Nola Brown, the U.S. Army's artist-in-residence--a painter and trained soldier--sees something nobody was supposed to see and earns a dangerous enemy in this novel as powerful as "a launched torpedo slashing through 400 pages of deep water before reaching impact...one of the best thrill rides ever" (David Baldacci).

Who is Nola Brown?

Nola is a mystery. Nola is trouble. And Nola is supposed to be dead.

Her body was found on a plane that mysteriously fell from the sky as it left a secret military base in the Alaskan wilderness. Her commanding officer verifies she's dead. The US government confirms it. But Jim "Zig" Zigarowski has just found out the truth: Nola is still alive. And on the run.

Zig works at Dover Air Force Base, helping put to rest the bodies of those who die on top-secret missions. Nola was a childhood friend of Zig's daughter and someone who once saved his daughter's life. So when Zig realizes Nola is still alive, he's determined to find her. Yet as Zig digs into Nola's past, he learns that trouble follows Nola everywhere she goes.

Together, Nola and Zig will either reveal a sleight of hand being played at the highest levels of power or die trying to uncover the US Army's most mysterious secret--a centuries-old conspiracy that traces back through history to the greatest escape artist of all: Harry Houdini.


Released in 2018, The Escape Artist is the first installment in author Brad Meltzer's Zig and Nola series. Jim "Zig" Zigarowski works at Dover Air Force Base. He's a civilian mortician for the US government. He handles the most top secret and high profile cases. Cases that include 9/11 terrorists, victims of the USS Cole terrorist attack, Space Shuttle Columbia astronauts, plus thousands of US soldiers, and CIA operatives who lost their lives in the line of duty in Afghanistan, Vietnam, Iraq, and every secret location in-between.

Zig is a master at what he does. Some call him a genius, because he can repair significant damage to a body, making it possible for families to view their loved one and not have any idea just how badly the body really looked. After a military plane crashes in the Alaskan wilderness with some important VIPs on board, Zig knows Dover will be getting the bodies. And while the victims include the head of the Library of Congress who is a friend of the current President, it's one particular victim that catches Zig's attention—Sergeant First Class Nola Brown. Nola knew Zig's daughter when they were younger, and saved her from a potentially life-threatening injury one night, but she disappeared shortly thereafter. 

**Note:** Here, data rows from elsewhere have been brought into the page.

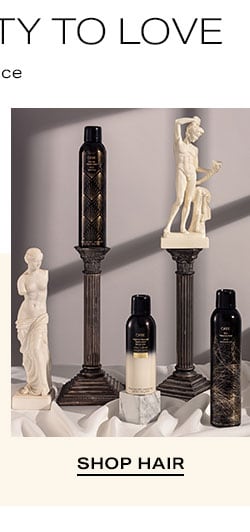 More @REVOLVEbeauty to Love: Shop Hair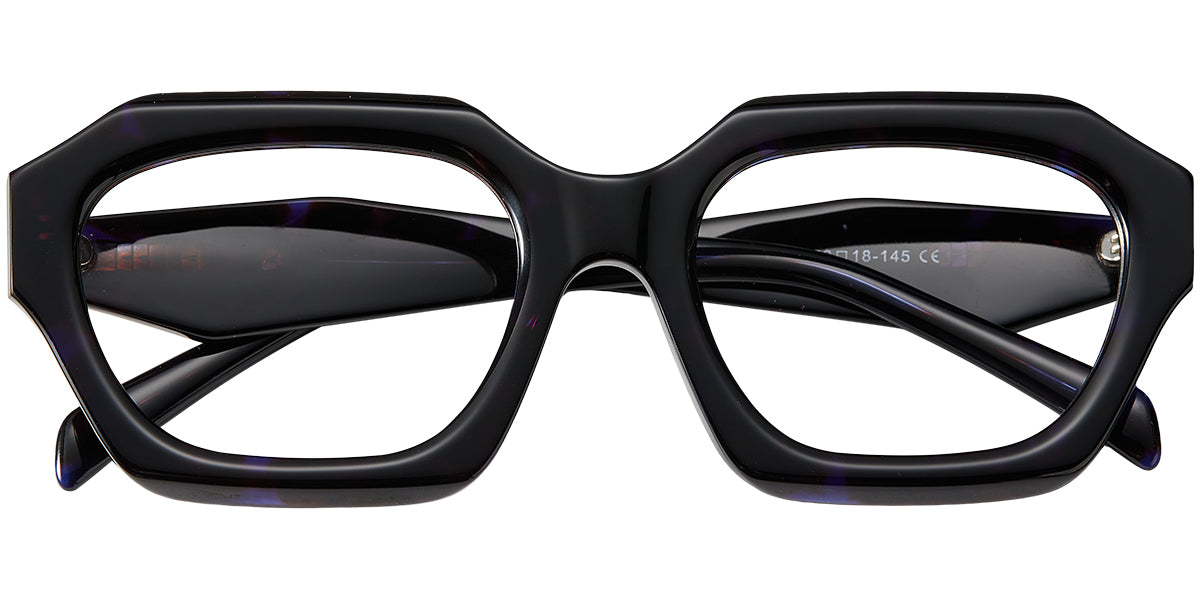 Look Prestige Eyewear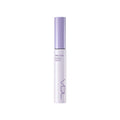 VDL VDL Pure Stain Mascara Remover - cleansing - front bottle shot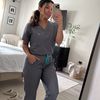 thatnurse_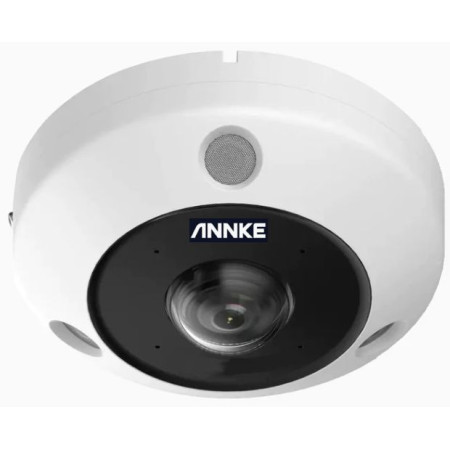ANNKE DS-2CD63C5G1-IVS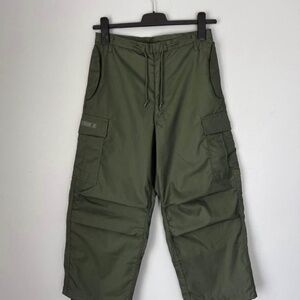 WTAPS Cargo Pants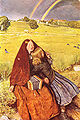 Thumbnail for version as of 17:25, 20 May 2007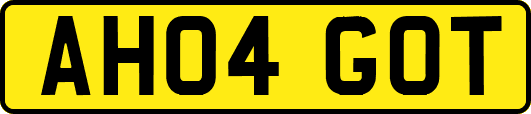 AH04GOT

When the body is intercepted at Dover and the actual Nora emerges, Zig realizes that there is a significant mystery surrounding the plane crash and those on the passenger list, including three individuals whose names have ties to the famous Harry Houdini. Zig is determined to do right by Nola. So if Nola is alive, what happened to her? And why is everyone ready to believe she is dead? Zig can't stop from digging into the truth, especially when he finds a clue that Nola might have known what was happening that fateful day in Alaska. 

But the more he investigates, the more he finds himself entangled in a web of conspiracy, crime, violence, and potential scandal, which can be traced back to some of the highest positions in the U.S. government. And the more he digs, the more danger he puts himself in, as well as those around him, because those looking for Nola are always one step ahead. The kicker of this story is that there is an Operation Bluebook, no, this has nothing to do with aliens, but goes back as far as Harry Houdini and his obsession with immortality. 

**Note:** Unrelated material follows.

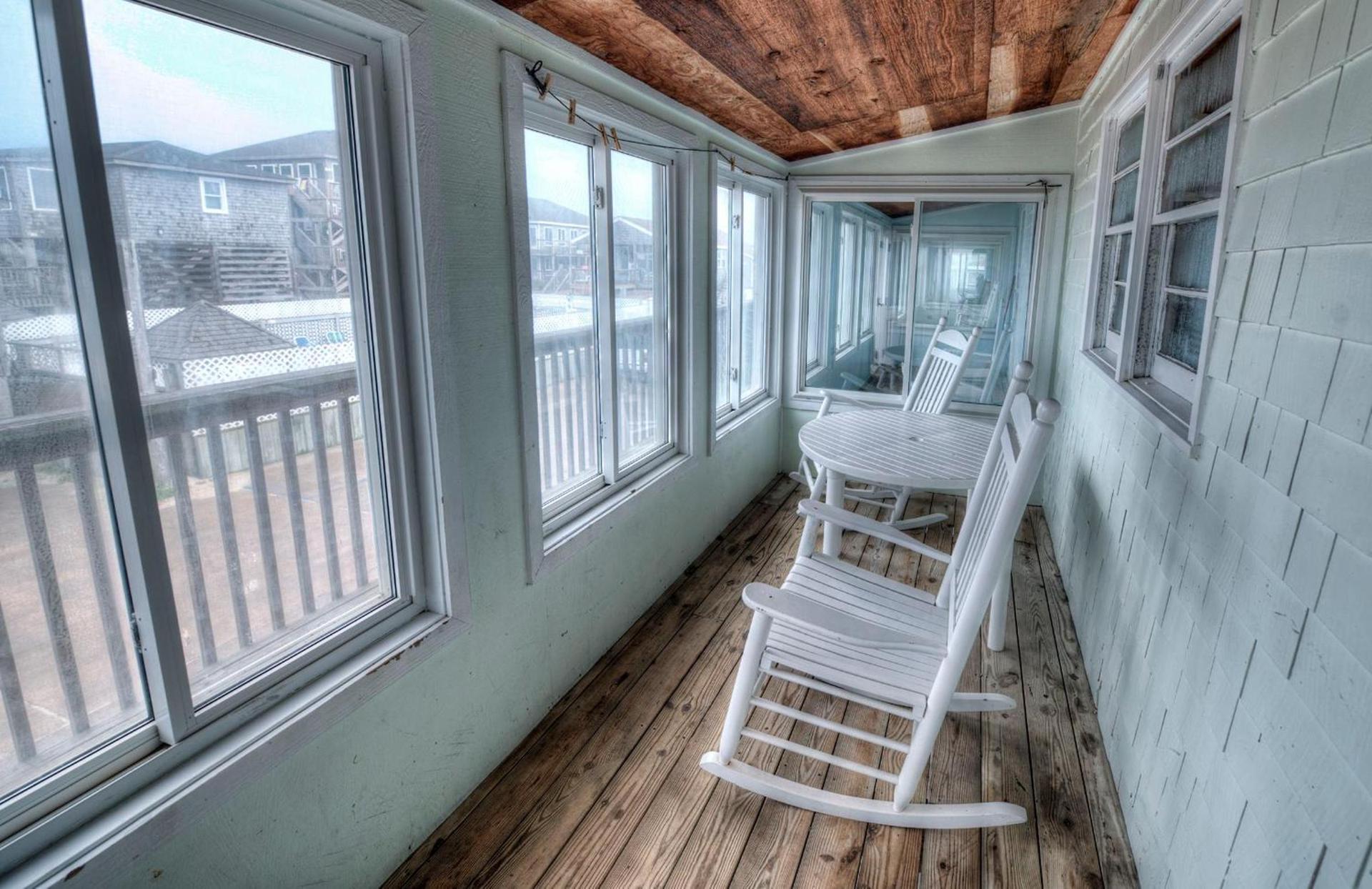Outer Banks Motel photo 98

Nola's story is mostly told in flashbacks that go to where she's being shuffled around to different foster families, and finds herself being sold to a man who treated her more of a slave, than a human being. One could say that her alleged father really did a number on her to the point where she doesn't trust anyone. She has an almost a photographic memory of what she's seen. Her job as Artist-In-Residence is to capture the essence of the American soldier and bring it to life. She's also apparently got a keen eye for things nobody else can see, which has saved dozens of American lives at the expense of being constantly harassed by her senior supervisors. 

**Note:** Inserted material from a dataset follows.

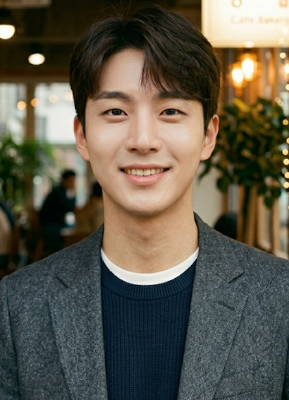 쥬베룩 스킨, 쥬베룩 볼륨 무슨 차이야?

Meltzer is an author who I began reading his books around 20 years ago with The Tenth Justice. He has a way of writing a remarkably action packed story filled with curious characters. Zig is an older character which is remarkable. He's nearly my age. He's spent the past 10 years thinking about the day he not only lost his daughter, but how his actions may have contributed to what happened. Nola is a girl who wasn't given the nurture that she needed and was shocked when teachers saw her true talents in what she could draw. Since I liked this story, I requested the sequel called The Lightning Rod.